This book is an escape, and I need one. I am in Kings County Superior Court serving on Jury Duty. Thus far, I am doing little more than sitting and waiting. Having brought Oh SeBeom’s 31 Days 807.3km was a good decision as it provides welcome distraction.
31 days 807.3km is a small volume, roughly the size of a Moleskin notebook, chronicling a 31 day 801.3km trip across northern Spain. This book is one part of a larger project that includes web and video components as well. The project as a whole is one part again of Oh’s overarching one man project: World of DDanjit I cannot read any of the site’s text, but it seems to be a cataloging of the world, something to which I can relate.
31 days 807.3km is broken into roughly three equal sections. The first is a reproduction of Oh’s Moleskin journal pages written during the trip. It is from these journals that the book takes its size and shape, imitating a Moleskin notebook. This section has feeling. The handwriting has smudged and we can see text bleeding through from the backside of each page. As we read one experience we anticipate what is to come and reflect on what happened previously. This text is, obviously enough, in Korean with bits of copied text and web URLs in English. As I cannot read this text, I will say only that the reproduction of the notebook pages feels right; I feel like I’m being stealing into someone’s private thoughts (that were left laying about so I might buy them…). I assume that if I could read the text, this is what I would find, the starts and stops of experience.
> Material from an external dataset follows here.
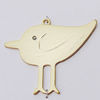 Pendant, Zinc Alloy Jewelry Findings, Bird 40x33mm, Sold by Bag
The second section is a series of photographs that reprise the travelogue in visual form. The bulk of the photographs are landscapes; many are the well worn trope of a road or track receding towards the horizon. There are few people or buildings. The photographs are like walking: one foot in front of the other, slowly building into a journey of 807.3 kilometers. Several photographs do stand above and are absolutely beautiful in their atmospheric quality. One, in particular, grabs my attention: in the foreground there are mounds of dirt that look like Korean tombs but are nothing more than piles of fill, in the middle ground a line of trees extends halfway across horizon with the last few trees wind blown back, and in the background half screened by the trees a small town gives way to a blue horizon beneath a blue sky. The photographs are all horizontal, printed full page, two to a spread so that one must turn the book sideways to see them properly. There are two exceptions to this: a vertical of a church is run halfway (and could have been edited out) and the closing horizontal image of the sea that is run double truck also and forces the reader to turn the book back to its normal orientation. It is a nice transition.
The third section we return to text. Days, dates, locations and distances are in large blue lettering overlaid on top of background text describing the journey. Facts and figures; cold and hard. The design amplifies the content. We end with a blue map dotted with (Google) map pins.
We have three travelogues that reinterpret the same trip through different filters. We begin with the personal experience: direct, smudged, imperfect, tangential. One event or thought bleeding between past and future experiences. Our journey is next mediated by a machine eye. We have facts and visual clues but truth is still elusive. These facts are up for interpretation and reinterpretation. The suggest but cannot define. We end with a journey distilled into fact: distances traveled, cities visited, dates, times.
The journal pages I cannot understand, but I understand the idea of a journey that they embody. When I travel, I keep similar notebooks. The photographs present less a specific place for me than a rich suggestive vein of possibility. The facts and figures leave me cold and I can do little but flip through. It is the hand written notes and photographs that hold my attention. Neither provides me literal facts but each presents a journey taken and suggests journeys yet to be taken.
It all makes sitting in this windowless, fluorescent lit, cavernous room more bearable.